Laughter and creativity is the religion.
Why do a Posthaste vs. Posthaste?
Steve May insisted. He’s a hard guy to say no to, especially if he’s the first guy to ever publish your stuff.
Your song “Too Old to Die Young” is in Django Unchained. Whatever. Tell us what everyone really wants to know: did you get to meet Quentin Tarantino?
No comment. Keep it mysterious.
You’re a musician and work F/T in a homeless shelter. Who do you think you are? Bono?
Dege Cougar Mellencoug.
Worst gig ever?
1998. I got in a crazy fist fight with the manager of the Swampwater Saloon — he’d stabbed a guy a week earlier — after Santeria played a drunken three- to four-hour set that came to halt amidst broken glass and wrecked gear. I was pretty crazy back then. I still got the crazy in me, but now I try to go the peaceful route.
When is it appropriate for a rock dude to wear a neon colored dashiki?
When attending an ayahuasca ceremony ... in space.
What’s the coolest thing to all this Django stuff?
Just how STOKED and inspired Lafayette people are by it. They are just so inspired and stoked.
If you were to bust a midlife career change, what would it be?
Open a junkyard. I’m fascinated by the things people throw away.
Ten years ago you lived in the same low rent motel in which you recently shot a music video. How did you end up living there?
I couldn’t afford the deposit on an apartment and I figured living in a cheap motel would be way more interesting. And it was. It was like joining a circus that never left town: full of tenured alcoholics, Nam-vets and carnies.
What’s the biggest challenge in being a musician or artist these days?
Just enjoy the journey and do your own crazy thing. Don’t worry if it’s cool or not. The goal is not to keep up with what is cool. The goal is to invent it.
Most significant thing you learned from your years driving a cab?
What not to do. That each person’s life is like a weird, unwritten book. And everyone is god.
Quick cab story off the top of your head.
Picked up a drunk woman downtown. Drove her to her house in River Ranch. She was so wasted — she forgot her keys, cell phone, and purse at the bar. I had to climb the fence, break in through the back door and let her into her own house, so she wouldn’t have to sleep on the porch. When I informed her of the price of the fare, she got mad and refused to pay — she thought I was her date and just being a jerk.
Your career as an on-staff music journalist at The IND lasted three years? What do you have to say to the bands that you pissed off?
I just tried to have fun with it. Admittedly, I am not the best “music journalist” in the world, but I tried to give bands something unique that they couldn’t get anywhere else. Writing about musicians was tricky, because we’re all crazy. It was like being a crazy astronaut, writing about other crazy, struggling astronauts in their attempts to get nearly unobtainable astronauts jobs. Absurd.
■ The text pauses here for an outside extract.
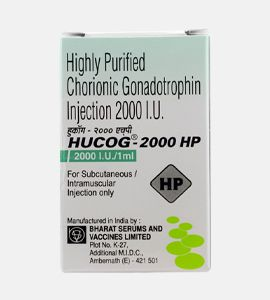 hocog-2000.jpg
Best Posthaste interviews ever?
Three-way tie: James Marler (Rotary Downs), Dirk Powell (Balfa Toujours, etc.) and Matt Roberts (Matt Rock & the Powerboxx). All had really good game.
If Dylan McDermott and Dermot Mulroney had a baby, what would be its name?
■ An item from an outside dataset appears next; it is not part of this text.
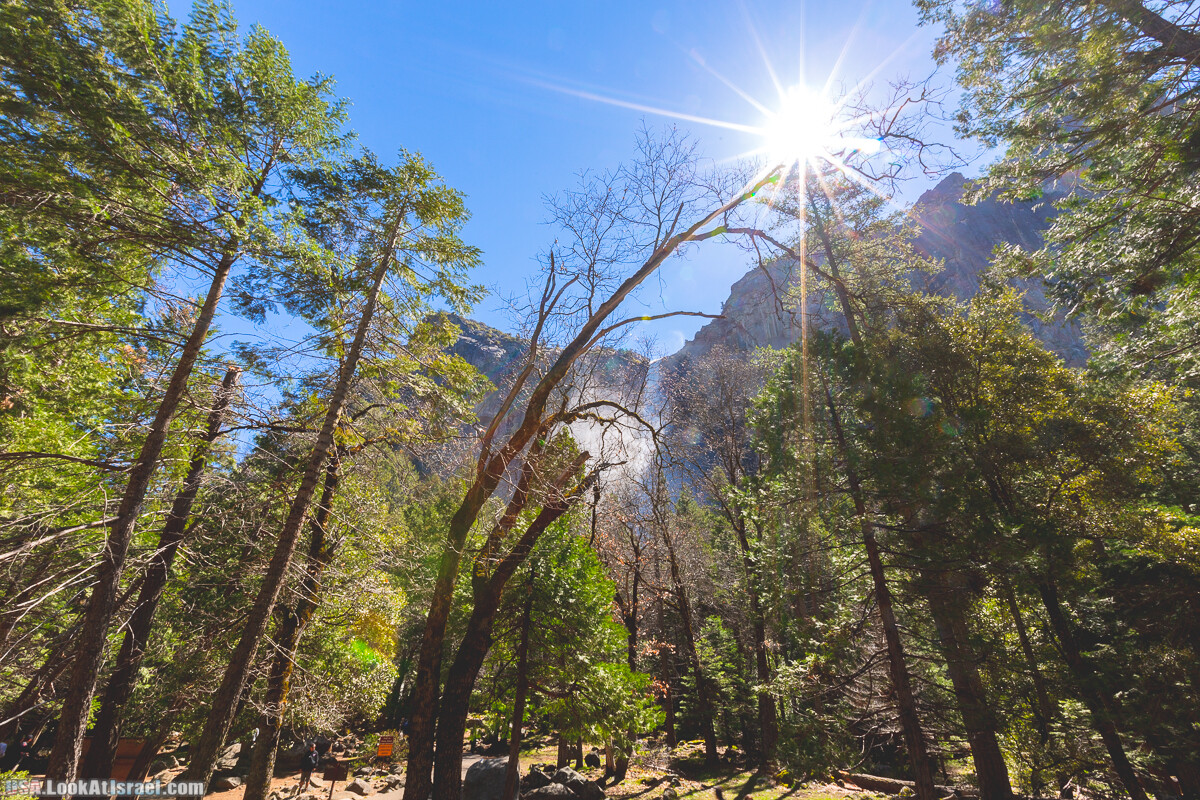 Национальный парк Йосемите | Yosemite National Park | LookAtIsrael.com - Фото путешествия по Израилю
When science fails us and our spiritual leap of faith stumbles, what can one do when attempting to divine the great mysteries of the universe?
Go with your gut. It never lies.
Dumbest thing you’ve ever done?
Waste too much time on negative people and things. I like being around happy, positive, adventurous people. I don’t need any help in the Moody & Brooding Dept. I can handle that on my own.
You spent over a decade playing southern psych & hard rock in Santeria. What’s the least metal thing about you?
I love hippies, Sinatra and reading self-help books.
Best metal album ever? Why?
Screaming for Vengeance, Judas Priest. Every songs jams. Killer riffs.
Name one thing no one knows about you.
Sometimes I cry when driving alone ... thinking about life and stuff.